Continuous Integration (CI) is a software development practice where team members merge work to decrease problems and conflicts. In essence, it verifies code quality to ensure no bugs are introduced. In many cases, automated and repetitious tests are used, so once a bug is found, new tests are created to prevent that bug from being introduced in future code reviews. By using continuous integration, organizations will create a baseline quality of software that will lower the risk of every release.

There are five types of test to consider. The first is semantic tests, which study the relationship between data. Unit tests study the design and flexibility of the code. Functional tests check for human readability. Integration tests ensure everything is working when combined with all other services, including third-party services. Finally, load tests help determine volume capabilities and where performance bottlenecks might occur.

Never Deal with the Same Incident Twice

Mining historical performance data, analyzing the root cause of issues, and setting up an alert and response system will help prevent past downtime causes from cropping up again. Follow this five step process for success.

1. Review historical information for performance trends and drill down into specific issues, building a solid platform for preventing future issues.

2. Leverage third-party monitoring tools and centralize all information on performance metrics. This allows companies to drill down into the performance and dependencies between individual servers, websites and applications.

3. Set goals based on the needs of the business, past performance and how that performance translated into accessibility of business operations.

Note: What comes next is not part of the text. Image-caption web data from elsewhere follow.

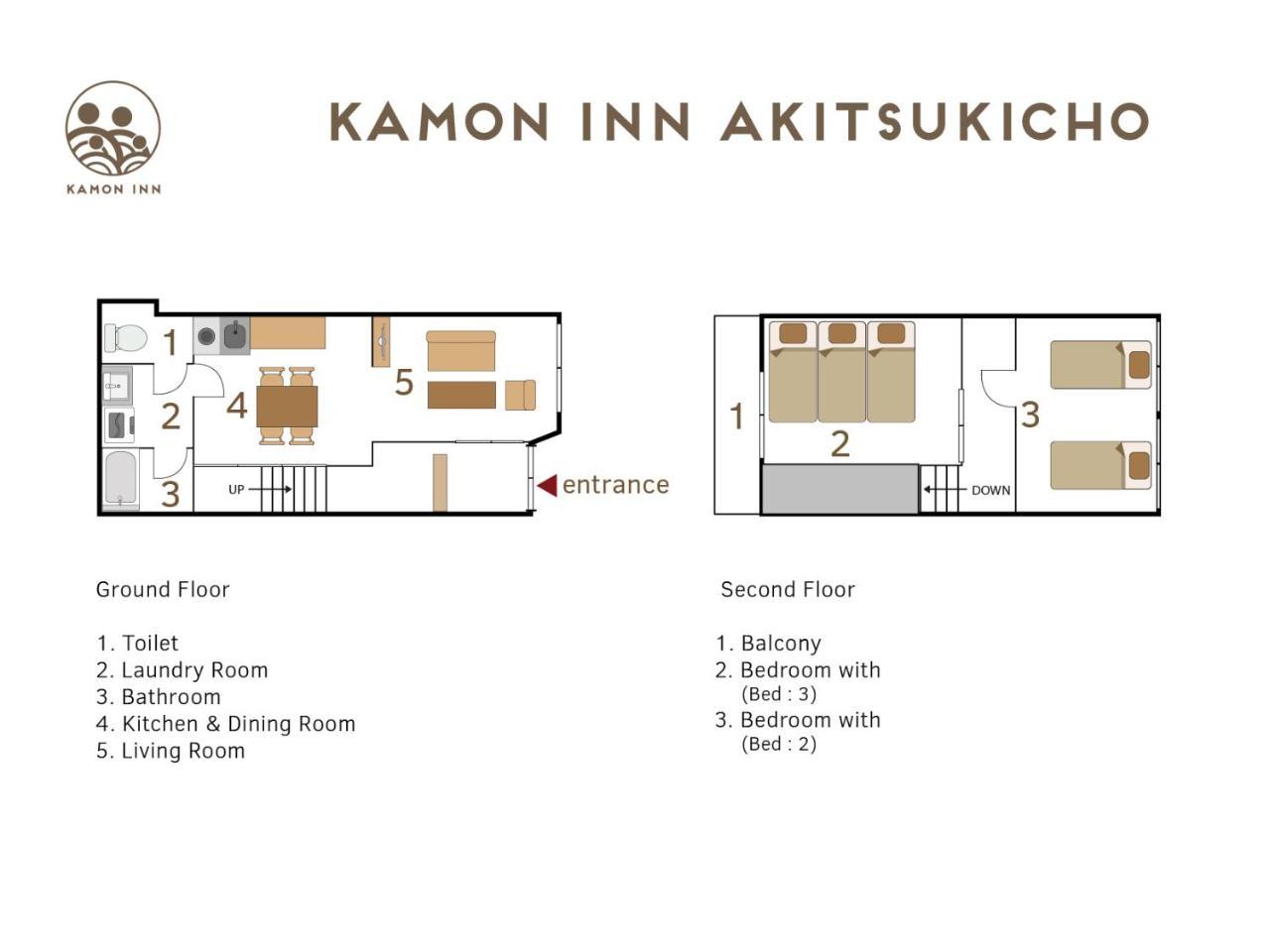 Kamon Inn Akitsuki Kyoto Ngoại thất bức ảnh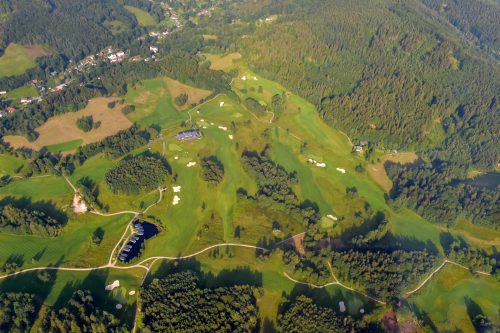 Golfové hřiště: 36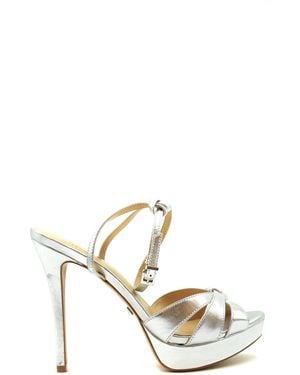 SCHUTZ SHOES Sandals - Metallic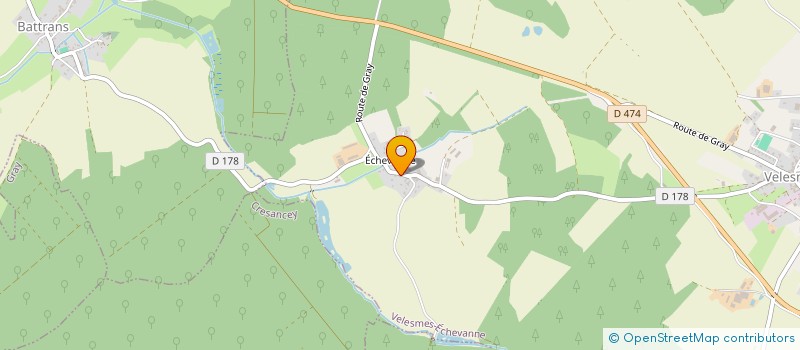 localisation de l'entreprise MONSIEUR JEREMIE BERREUR  SAINT-LOUP-NANTOUARD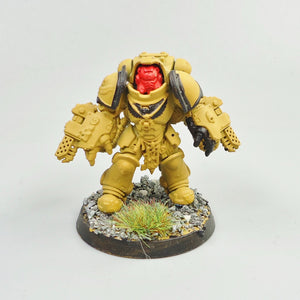 Imperial Fists - Aggressor Partly Painted  -  Warhammer 40k - Space Marines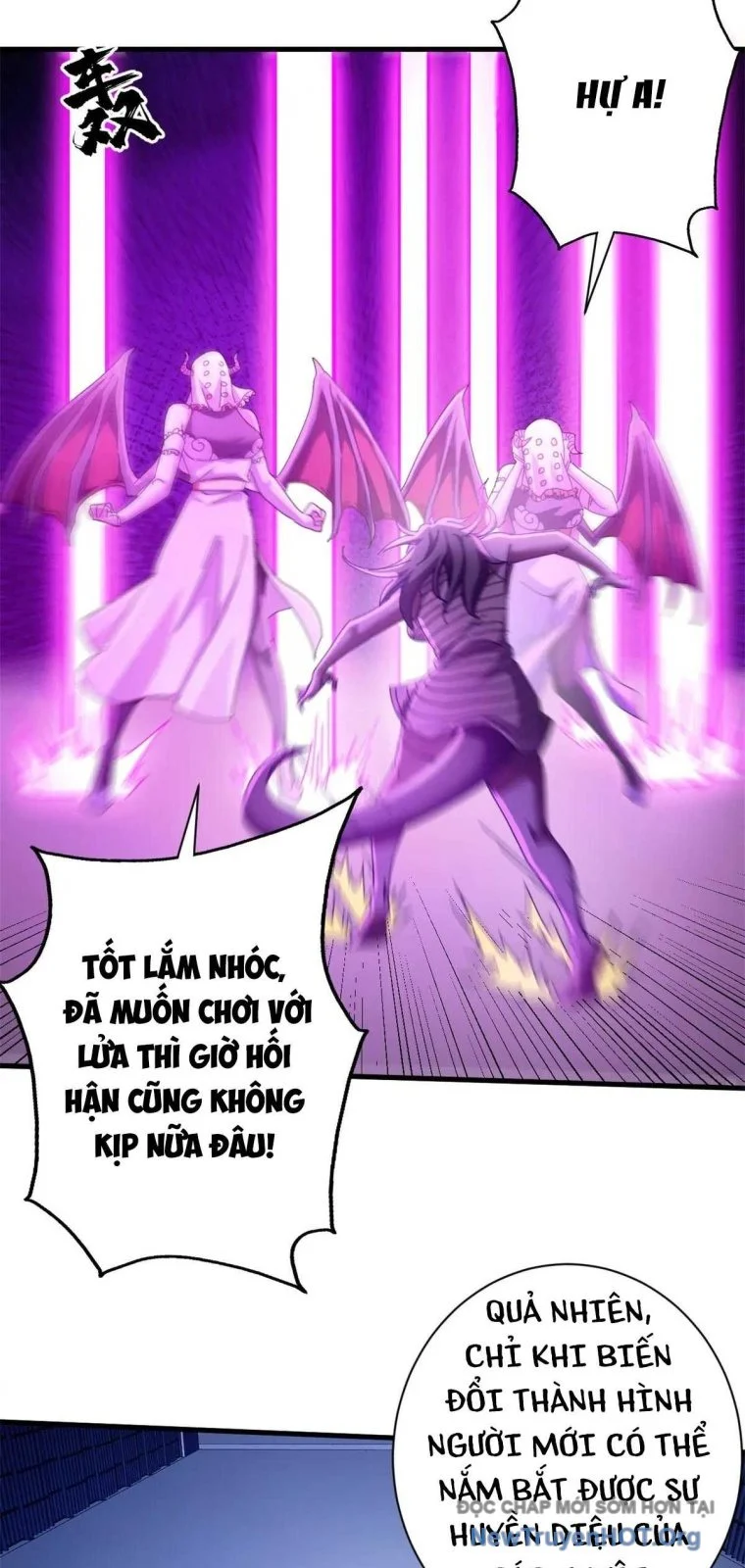 Trưởng Giám Ngục Trông Coi Các Ma Nữ Chapter 129 - Trang 3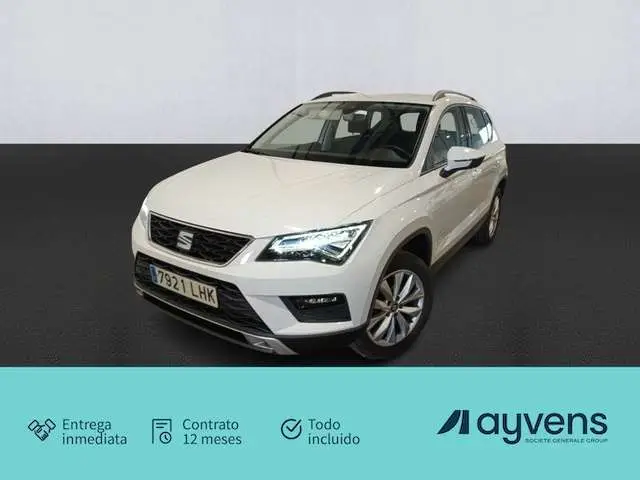 Photo 1 : Seat Ateca 2020 Petrol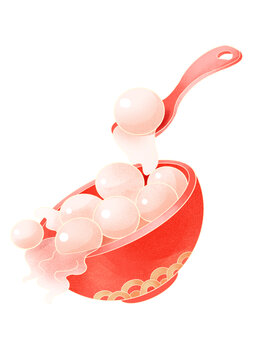 創(chuàng)意簡約元宵節(jié)節(jié)日元素
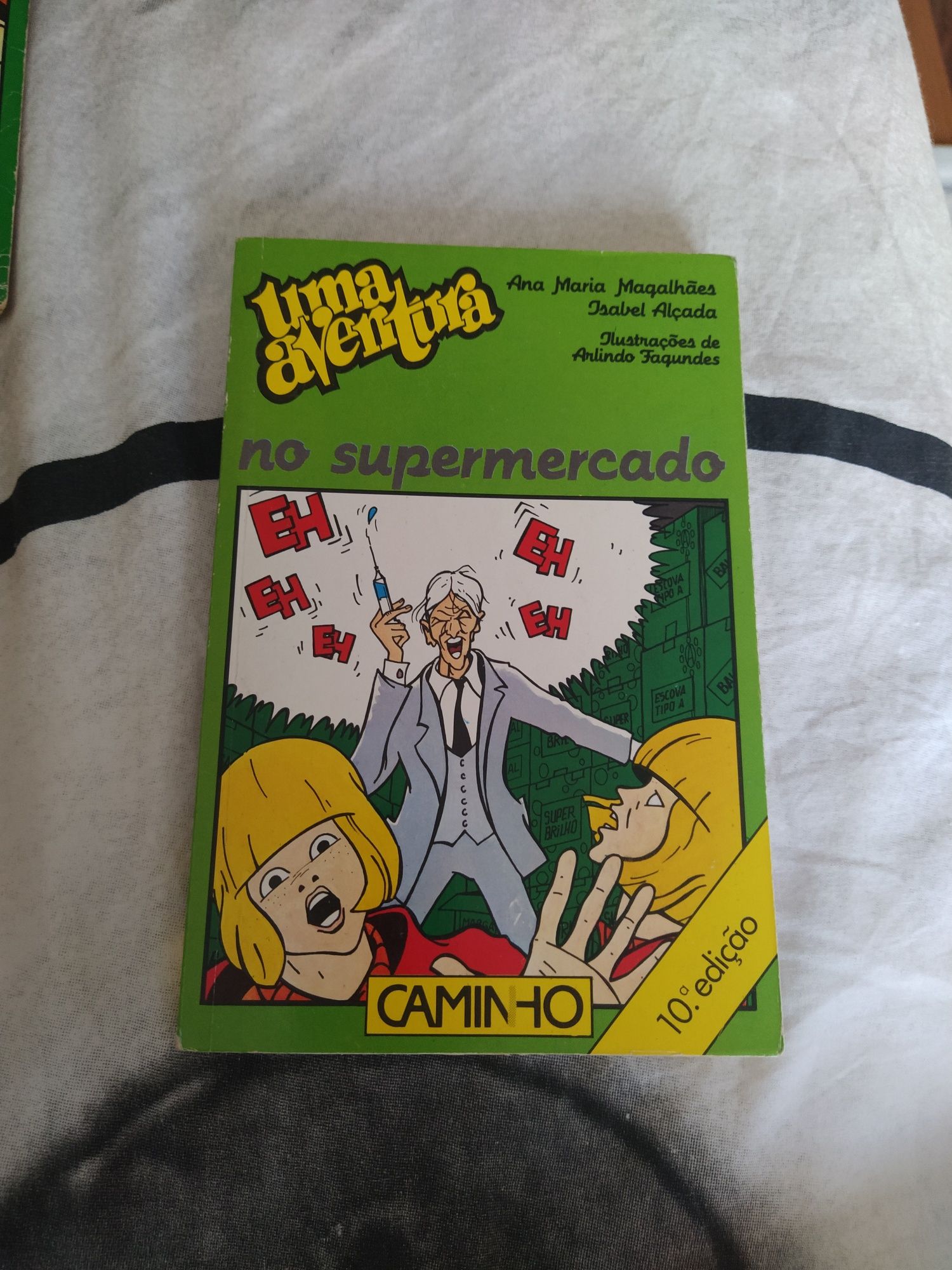 Livro Uma Aventura no supermercado. Nr. 17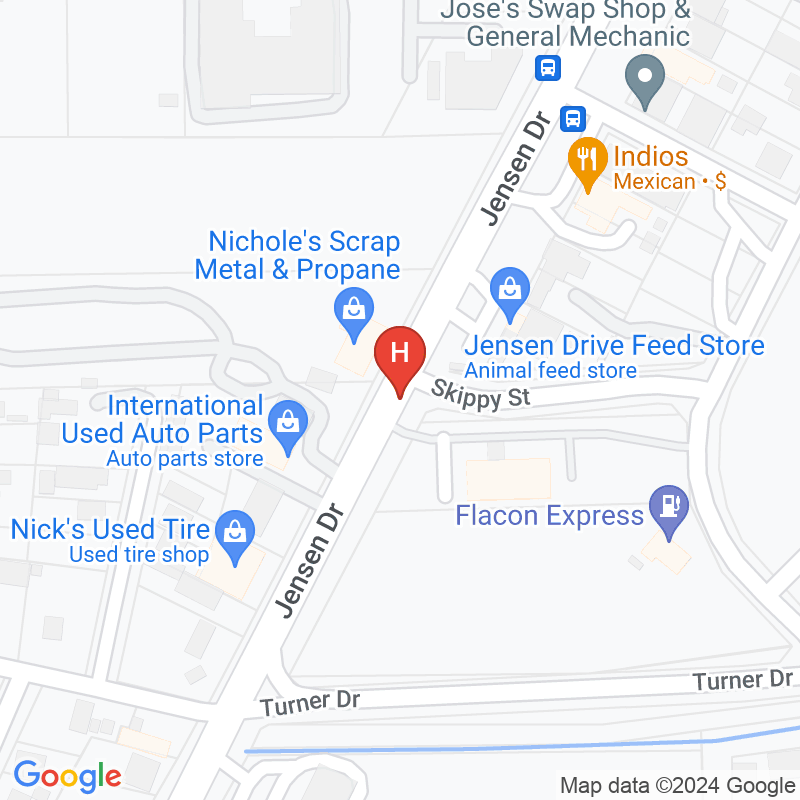 Jensen Dialysis - 9716 Jensen Dr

4. Transform goals into notification thresholds so that organizations get notified as soon as an issue begins, rather than simply waiting to be alerted when goals have been breached.

5. Aggregate actionable and related alerts into incidents to automatically escalate incident notifications if action isn’t taken. The right management tool will allow organizations to manage all event data in one place, engage with additional experts and keep all stakeholders informed.

Test Third Party Services

Many companies rely on third parties to deliver products and services to their customers. When an outage strikes Amazon Web Services, for instance, countless other websites are impacted as well. So, it’s crucial to ensure redundancy to prevent single points of failure.

When it comes to end-to-end SMS Provider testing, there are a few specific best practices to consider. For short codes, SMS tests should be sent every two minutes, with the frequency varying for less-common long codes. Additionally, internal alerts should be sent throughout the day using each of an organization’s providers. Organizations should also measure how long it takes for the message to be received to determine if a provider is available and their performance. Providers with an SMS delivery latency of more than three minutes should be degraded and replaced. Finally, organizations should suppress non-actionable alerts, and group related alerts. This reduces the number of pages on-call engineers receive, minimizing alert fatigue and allowing them to focus on solving issues and improving processes.

Prepare for an Outage

By taking the time to implement a plan for addressing inevitable downtime, organizations stand to realize thousands — or even millions — of dollars in quantifiable cost savings. As well ensure the health of arguably even more crucial qualitative factors such as employee morale, brand reputation, and customer loyalty.